The UPLB Limnological Research Station traces its root from the Department of Entomology, of the then UP College of Agriculture. Since its conception, the station contributed immensely to the understanding of the bounties of Laguna de Bay and helped establish the duck farming industry on Los Baňos foreshores and pioneered in aquarium fish production in the country. It serves as the base for studies on limnology and biology of aquatic organisms aimed at developing strategies for the optimum utilization and sustained production of aquatic resources; developing, adapting or improving conventional technologies used to increase fish production; and promoting environment friendly approaches for effective water management.

==History==
===Pre-War===
The idea of institutionalizing a Limnological Station began as a result of collaboration between Dr. Leopoldo B. Uichanco, professor and head of the Department of Entomology of the then UP College of Agriculture and Albert William Herre, then Chief of Fisheries Division, Bureau of Science, Department of Agriculture and Natural Resources on ‘Dolong’, a species of goby that can be found in Laguna de Bay (Ref: Letter of Albert W. Herre to Dr. L.B. Uichangco dated January 19, 1926, UPLB LRS archive # 1). On August 17, 1928, the UP College of Agriculture Limnological Research and Aquatic Resources Management Center was established with Proclamation No. 176 signed by Governor General Henry L. Stimson (Gov. Gen from Dec. 27, 1927 to February 23, 1929) as its backbone and maintained as a facility under the Department of Entomology.

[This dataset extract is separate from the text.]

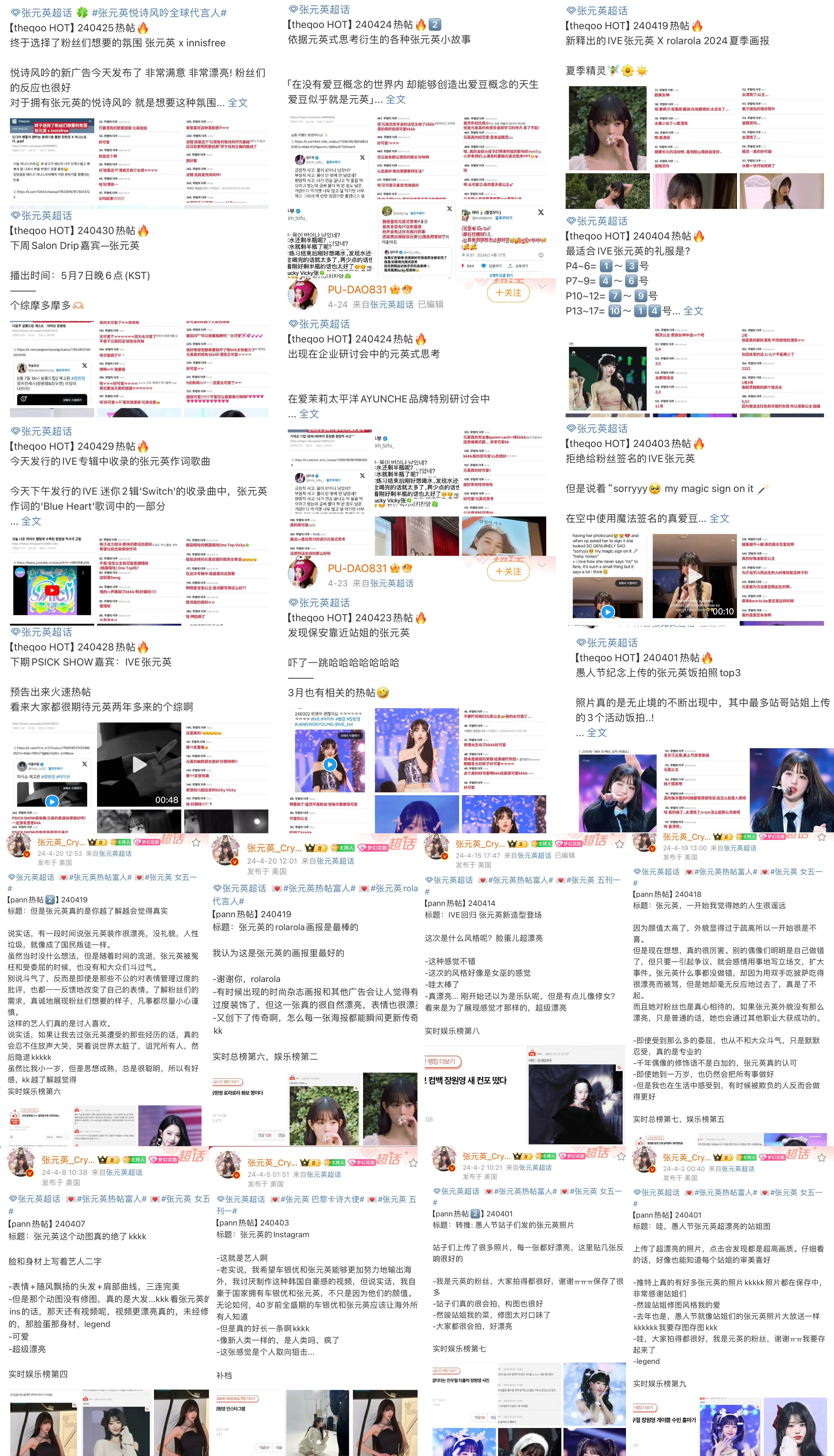 久久婷婷五月综合色99啪ak:20-21-22-23-39-47W：15,久久婷婷五月综合色与数字的秘密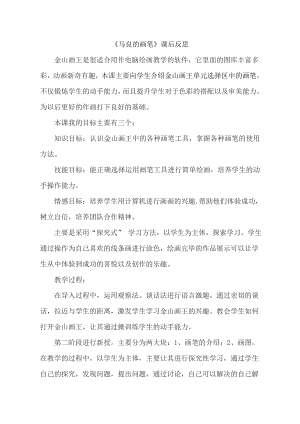 小學綜合實踐活動-馬良的神筆-王-課后反思.doc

Under Dr. L.B. Uichangco’s diligent efforts, more researches on aquatic animals and more courses in Zoology were instituted. Dr. Deogracias V. Villadolid, upon his return after getting his Ph.D. in Aquatic Biology from Stanford University in 1927, Zoology was no longer a mere background to entomology. Dr. Villadolid, who became head of the station more than any other, was responsible for the enhanced development of fisheries in the Philippines. Dr. Villadolid together with Messrs. Andres M. Mane and F. Alonte eventually left the department in 1934 and transferred to the Bureau of Fisheries now known as the Bureau of Fisheries and Aquatic Resources (BFAR) and served as its director, and later became an aquatic biologist of the Fish and Game Administration (Gabriel, 1979), operations of the station naturally ceased.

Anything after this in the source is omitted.